Module livekit.plugins.telnyx.stt

Classes

class STT (*,
language: str = 'en',
transcription_engine: TranscriptionEngine = 'telnyx',
interim_results: bool = True,
api_key: str | None = None,
base_url: str = 'wss://api.telnyx.com/v2/speech-to-text/transcription',
sample_rate: int = 16000,
http_session: aiohttp.ClientSession | None = None)
Expand source code
class STT(stt.STT):
    def __init__(
        self,
        *,
        language: str = "en",
        transcription_engine: TranscriptionEngine = "telnyx",
        interim_results: bool = True,
        api_key: str | None = None,
        base_url: str = STT_ENDPOINT,
        sample_rate: int = SAMPLE_RATE,
        http_session: aiohttp.ClientSession | None = None,
    ) -> None:
        super().__init__(
            capabilities=stt.STTCapabilities(
                streaming=True,
                interim_results=interim_results,
            )
        )

        self._opts = _STTOptions(
            api_key=get_api_key(api_key),
            language=LanguageCode(language),
            transcription_engine=transcription_engine,
            interim_results=interim_results,
            base_url=base_url,
            sample_rate=sample_rate,
        )
        self._session_manager = SessionManager(http_session)
        self._streams = weakref.WeakSet[SpeechStream]()

    @property
    def model(self) -> str:
        return self._opts.transcription_engine

    @property
    def provider(self) -> str:
        return "telnyx"

    async def _recognize_impl(
        self,
        buffer: AudioBuffer,
        *,
        language: NotGivenOr[str] = NOT_GIVEN,
        conn_options: APIConnectOptions = DEFAULT_API_CONNECT_OPTIONS,
    ) -> stt.SpeechEvent:
        resolved_language = LanguageCode(language) if is_given(language) else self._opts.language

        stream = self.stream(language=language, conn_options=conn_options)
        try:
            frames = buffer if isinstance(buffer, list) else [buffer]
            for frame in frames:
                stream.push_frame(frame)
            stream.end_input()

            final_text = ""
            async for event in stream:
                if event.type == stt.SpeechEventType.FINAL_TRANSCRIPT:
                    if event.alternatives:
                        final_text += event.alternatives[0].text

            return stt.SpeechEvent(
                type=stt.SpeechEventType.FINAL_TRANSCRIPT,
                alternatives=[
                    stt.SpeechData(
                        language=resolved_language,
                        text=final_text,
                    )
                ],
            )
        finally:
            await stream.aclose()

    def stream(
        self,
        *,
        language: NotGivenOr[str] = NOT_GIVEN,
        conn_options: APIConnectOptions = DEFAULT_API_CONNECT_OPTIONS,
    ) -> SpeechStream:
        resolved_language = LanguageCode(language) if is_given(language) else self._opts.language
        stream = SpeechStream(
            stt=self,
            conn_options=conn_options,
            language=resolved_language,
        )
        self._streams.add(stream)
        return stream

    async def aclose(self) -> None:
        for stream in list(self._streams):
            await stream.aclose()
        self._streams.clear()
        await self._session_manager.close()

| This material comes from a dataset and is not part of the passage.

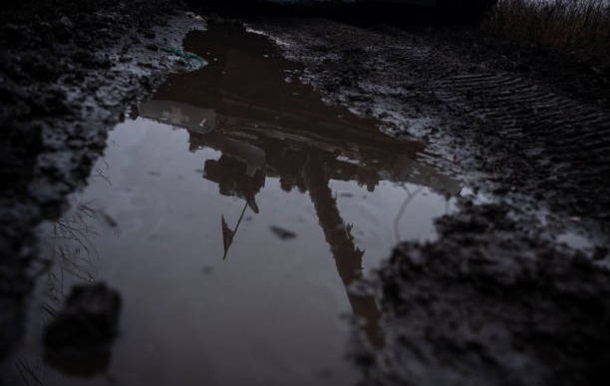 РФ резко замедлила темпы наступления на фронте - ISW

Helper class that provides a standard way to create an ABC using inheritance.

Ancestors

  • livekit.agents.stt.stt.STT
  • abc.ABC
  • EventEmitter
  • typing.Generic

Instance variables

prop model : str
Expand source code
@property
def model(self) -> str:
    return self._opts.transcription_engine

Get the model name/identifier for this STT instance.

Returns

The model name if available, "unknown" otherwise.

Note

Plugins should override this property to provide their model information.

prop provider : str
Expand source code
@property
def provider(self) -> str:
    return "telnyx"

Get the provider name/identifier for this STT instance.

Returns

The provider name if available, "unknown" otherwise.

Note

Plugins should override this property to provide their provider information.

Methods

async def aclose(self) ‑> None
Expand source code
async def aclose(self) -> None:
    for stream in list(self._streams):
        await stream.aclose()
    self._streams.clear()
    await self._session_manager.close()

Close the STT, and every stream/requests associated with it

def stream(self,
*,
language: NotGivenOr[str] = NOT_GIVEN,
conn_options: APIConnectOptions = APIConnectOptions(max_retry=3, retry_interval=2.0, timeout=10.0)) ‑> SpeechStream
Expand source code
def stream(
    self,
    *,
    language: NotGivenOr[str] = NOT_GIVEN,
    conn_options: APIConnectOptions = DEFAULT_API_CONNECT_OPTIONS,
) -> SpeechStream:
    resolved_language = LanguageCode(language) if is_given(language) else self._opts.language
    stream = SpeechStream(
        stt=self,
        conn_options=conn_options,
        language=resolved_language,
    )
    self._streams.add(stream)
    return stream

Inherited members

class SpeechStream (*,
stt: STT,
conn_options: APIConnectOptions,
language: LanguageCode)
Expand source code
class SpeechStream(stt.RecognizeStream):
    def __init__(
        self,
        *,
        stt: STT,
        conn_options: APIConnectOptions,
        language: LanguageCode,
    ) -> None:
        super().__init__(stt=stt, conn_options=conn_options, sample_rate=stt._opts.sample_rate)
        self._stt: STT = stt
        self._language = language
        self._speaking = False

    async def _run(self) -> None:
        closing_ws = False

        @utils.log_exceptions(logger=logger)
        async def send_task(ws: aiohttp.ClientWebSocketResponse) -> None:
            nonlocal closing_ws

            wav_header = _create_streaming_wav_header(self._stt._opts.sample_rate, NUM_CHANNELS)
            await ws.send_bytes(wav_header)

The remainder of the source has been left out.